With huge audiences, prize money, and betting, eSports resembles traditional sports more than ever before—and that also means match fixing. In Australia, five people have been charged with throwing Counter-Strike: Global Offensive matches to gain winnings after betting against themselves.
Back in August last year, six CS:GO players were arrested during an investigation into suspicious betting activity in a semi-professional eSports league. The investigation, by Victoria Police’s Sporting Integrity Intelligence Unit, covered more than five matches where more than 20 bets were placed.
Now, charges have been brought against five of those arrested. In a statement from Victoria Police, it’s revealed that four 20-year-olds and a 27-year-old have been charged with “use of corrupt conduct information for betting purposes,” which carries a maximum ten-year jail sentence.
One of the five has also been charged with possession of cannabis and “conduct that corrupts or would corrupt a betting outcome of an event or event contingency.”
Speaking to ABC News last year, Assistant Commissioner Neil Paterson said AU$30,000 could have been won on the fixed matches. That amount is a drop in the water compared to what many top professionals make, but more than what some amateurs and semi-pros earn across their entire careers.
“The motivation is greed. It’s money,” Paterson said. “The people that are professional players can make millions of dollars.
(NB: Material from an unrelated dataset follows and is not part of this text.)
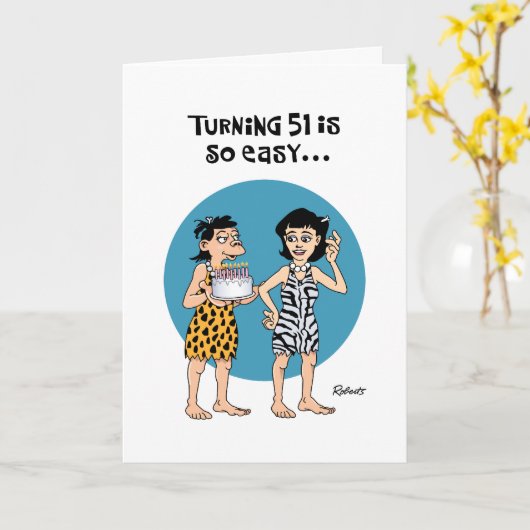 51おもしろい番目の誕生日挨拶 カード (黄色い花)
These players were at the other end.”
Match fixing is just one form of corruption that has been creeping into eSports over the last few years, something that University of Sydney lecturer Mark Johnson blames on the public’s lack of understanding of what eSports is.
“The video game industry is worth more than films and music combined, but they are still not taken seriously,” he said. “I don’t really watch traditional sports but I know what they are, whereas if you don’t watch esports you don’t know anything about them.”
The five men will appear in court this September 15.